Aukhadov, who returned to training early this year after serving his doping suspension, was a distant 12th from the B Group but at least he is in the Tokyo 2020 qualifying picture.

While Godelli was missing his lifts Ritvars Suharevs, the 20-year-old Latvian, reeled off a series of under-23 records as he made six from six to lead in the snatch and, with a few rivals yet to finish, on total.

He had to watch as he was overtaken first by Petr Asayonak of Belarus, then with the last lift of the night, by the Italian Antonino Pizzolato.

Pizzolato, 22, a bronze medallist at the 2017 IWF World Championships, needed 201kg to take gold and he did it impressively, celebrating loudly and exclaiming, "Italy, number one!"

After Mirco Scarantino’s victory at 55kg it was Italy’s second gold medal of the week.

Britain’s second medal came from Emily Godley, a silver behind the Russian Anastasiia Romanova, an easy winner of the women’s 71kg, with Romania’s Madalina Molie third.

A B Group lifter won a snatch bronze here too, Nikol Rubanovich taking an historic first for Israel.

Despite Godelli’s failure on the day, Albanian weightlifting is heading in the right direction, according to the general secretary of their National Olympic Committee (NOC), who has been happy to see a complete overhaul of the sport after a series of doping scandals.

In May last year all weightlifters were dropped from Albania’s team for the Mediterranean Games, leading to heated arguments and a physical confrontation between Qerimaj and a senior member of the Albanian NOC.

Qerimaj said at the time that the decision by the NOC to suspend the Albanian Weightlifting Federation (AWF) because of its doping record was "madness, a scandal, a violation of human rights".

The lifters are in a better mood now, says Stavri Bello, general secretary of Albania’s NOC.

"At the beginning they were unhappy but now they have understood that the only way of developing the sport is for the weightlifting federation to work together with the NOC," said Bello.

"We have met the best athletes and their coaches to explain that we are here to help."

The President of the AWF resigned, the entire Board was replaced, the suspension was lifted, and Bello told insidethegames, "At the moment it looks good.

"The new Board are trying to change the old mentality of weightlifting, that you cannot achieve good results without drugs."

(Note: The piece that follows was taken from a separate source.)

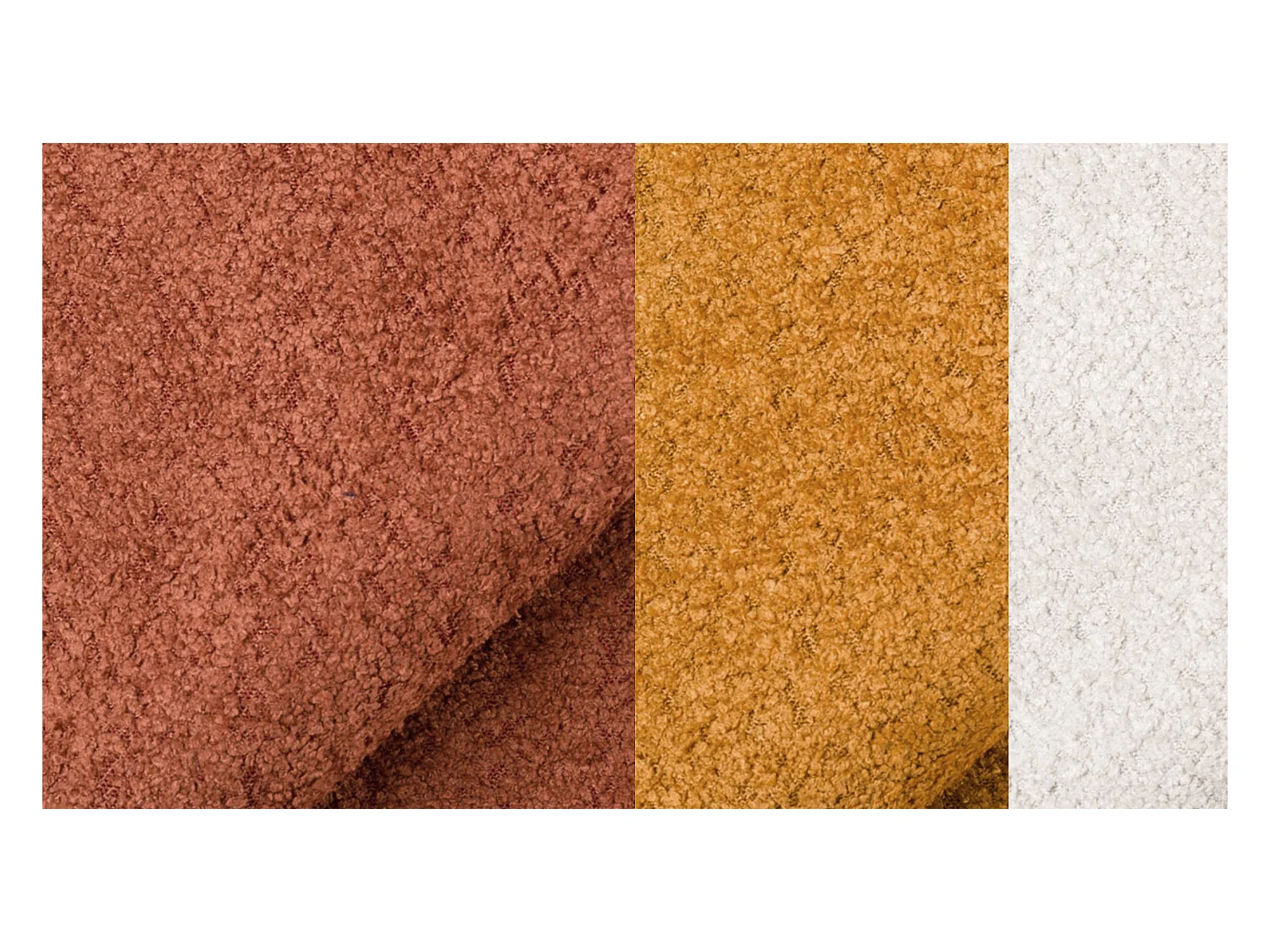 Canapé d'angle 5 places CALME, tissu orange foncé et écru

Godelli, Qerimaj, and Tuesday’s 73kg silver medallist Briken Calja have all served doping suspensions in the past, and when the double World Championships gold medallist Romela Begaj came up positive a second time early last year the sport was in crisis, prompting Albania to withdraw as hosts of the 2018 European Championships.

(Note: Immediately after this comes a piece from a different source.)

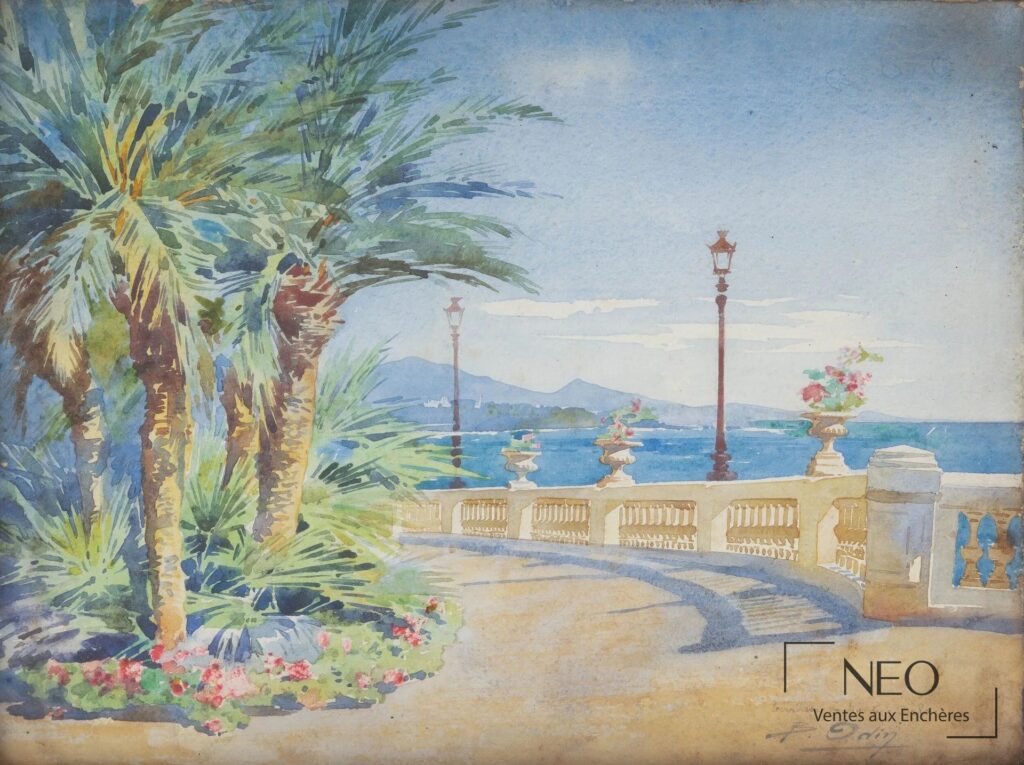 Vue d'ensemble de l'aquarelle représentant une terrasse en bord de mer avec palmiers et balustrade.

"A big change is they now have a doctor involved in all training and competitions," said Bello.

"The change of the Olympic qualification system [to individual] by the IWF (International Weightlifting Federation) has also been good, as lifters are responsible for themselves."

One of the most important aims in Albanian sport, said Bello, is to train coaches and sports administrators, which has been made possible with Olympic Solidarity funding.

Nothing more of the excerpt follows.